DATASET SECTION
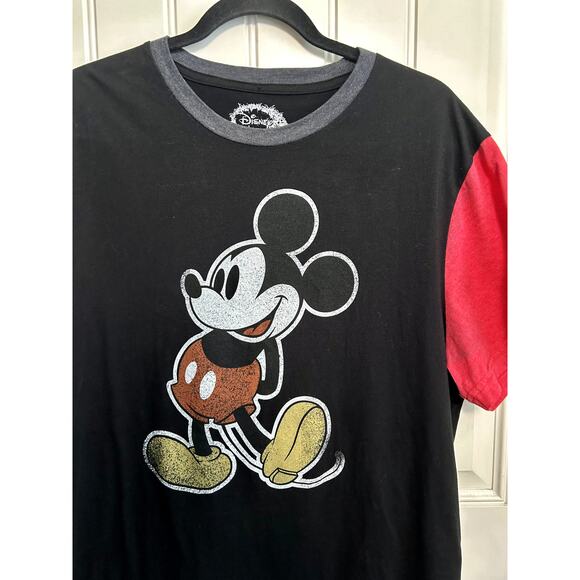 Disney Mickey Mouse Ringer Tee XL Black Red Classic Retro Kidcore Casual Fun - Picture 3 of 7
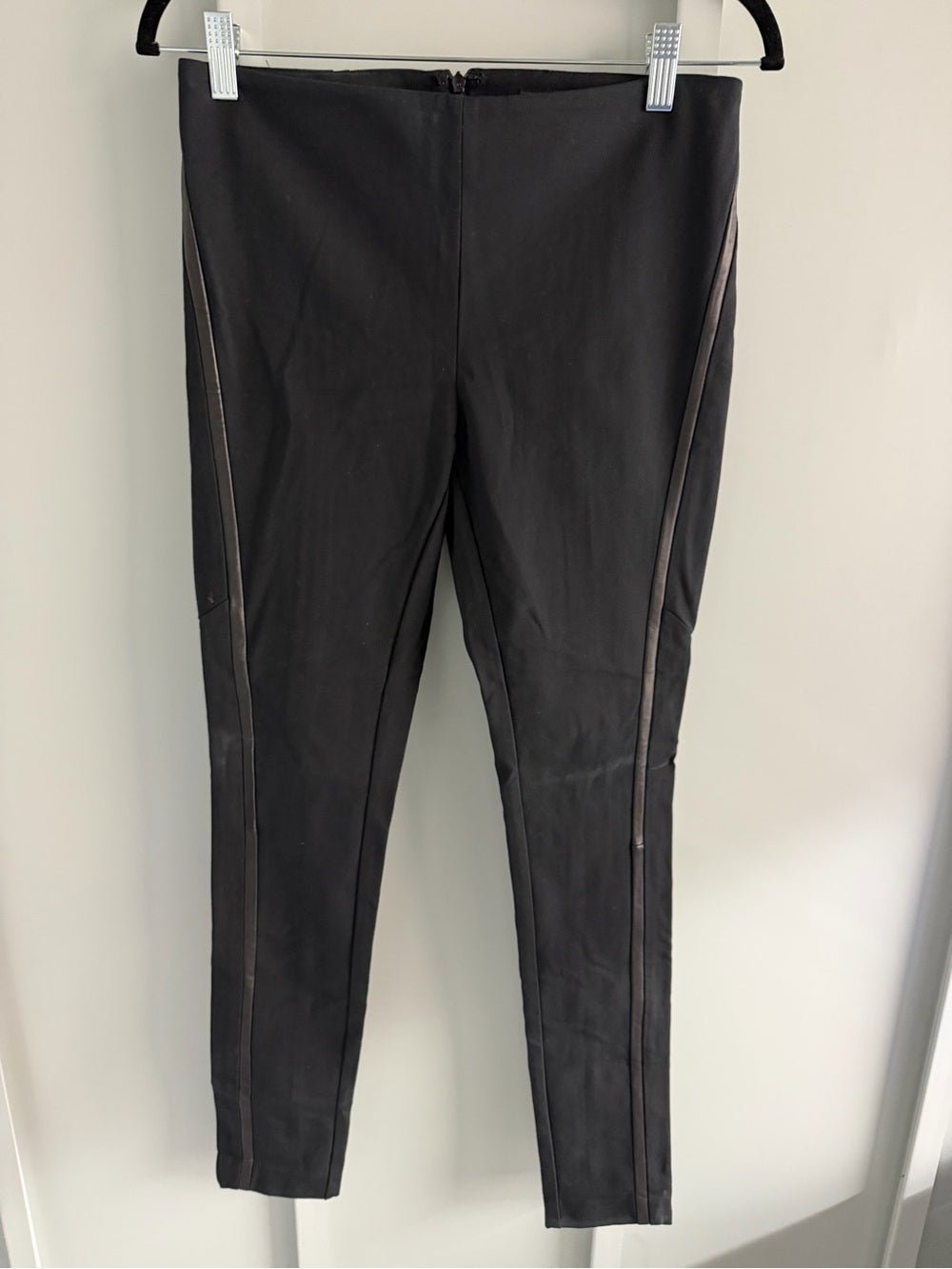 Rag & Bone Black Leather Trim Equestrian Skinny Moto Pants 4 - Studio Edition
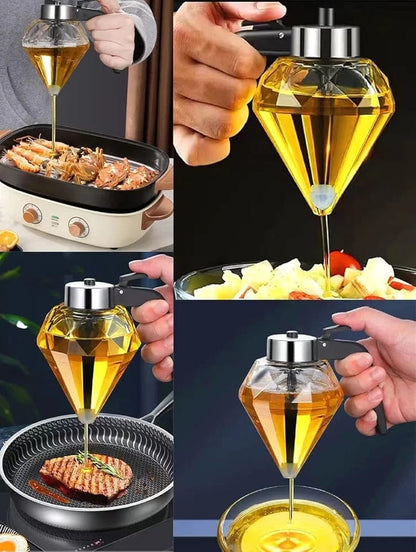 Exquisite Diamond Glass Honey/Oil Dispenser – Drip-Free, 200ml Capacity for Olive Oil, Honey, Vinegar & Condiments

TASK PROMPT
Apart from the images, every line above needs to be printed again exactly.

TASK RESPONSE
 Disney Mickey Mouse Ringer Tee XL Black Red Classic Retro Kidcore Casual Fun - Picture 3 of 7
 Rag & Bone Black Leather Trim Equestrian Skinny Moto Pants 4 - Studio Edition
 Exquisite Diamond Glass Honey/Oil Dispenser – Drip-Free, 200ml Capacity for Olive Oil, Honey, Vinegar & Condiments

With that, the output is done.